While acknowledging “some near-term headwinds,” Desjardins Securities analyst Chris Li sees Pet Valu Holdings Ltd. as “a highly compelling long-term growth story,” initiating coverage with a “buy” recommendation on Thursday.
“Despite transitory headwinds from macro challenges and higher lease expenses from new DCs, we believe PET is well-positioned to achieve low-double-digit EPS growth over the longer term, supported by attractive mid-single-digit industry growth, new store openings and market share gains,” he said. “We believe valuation is supported by strong ROIC and FCF conversion in FY25 as capex normalizes, supporting an increase in capital returns.”
Mr.
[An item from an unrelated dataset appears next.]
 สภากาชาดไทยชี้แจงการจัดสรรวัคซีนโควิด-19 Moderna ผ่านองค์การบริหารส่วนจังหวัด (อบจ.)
Li called the Markham, Ont.-based company “a compelling investment” beyond “attractive and resilient industry growth (humanization and premiumization trends).” That includes “loyalty program/data analytics, proprietary brands and an experienced management team.
“Key share price catalysts include acceleration in EPS growth (14 per cent in fiscal 2025 vs 4 per cent in FY24), strong FCF conversion in FY25 as capex normalizes following heavy investments in supply chain infrastructure to support rapid growth and the initiation of share buybacks,” he said. “The two biggest risks are a prolonged downturn and new entrant competition. Stress testing our SSSG [same-store sales growth] and margin assumptions, we derive FY24–25 EPS that are 5–8 per cent below our base case, implying a downside valuation of $28.”
He expects its fourth-quarter 2023 results, scheduled to be released on March 5, to fall in line with the Street’s expectations and “reflect a continuation of the trends from 3Q,” including slowing same-store sales growth due to a tough consumer backdrop impacting discretionary hardlines.
Mr. Li set a target of $38 per share, exceeding the average on the Street by 71 cents.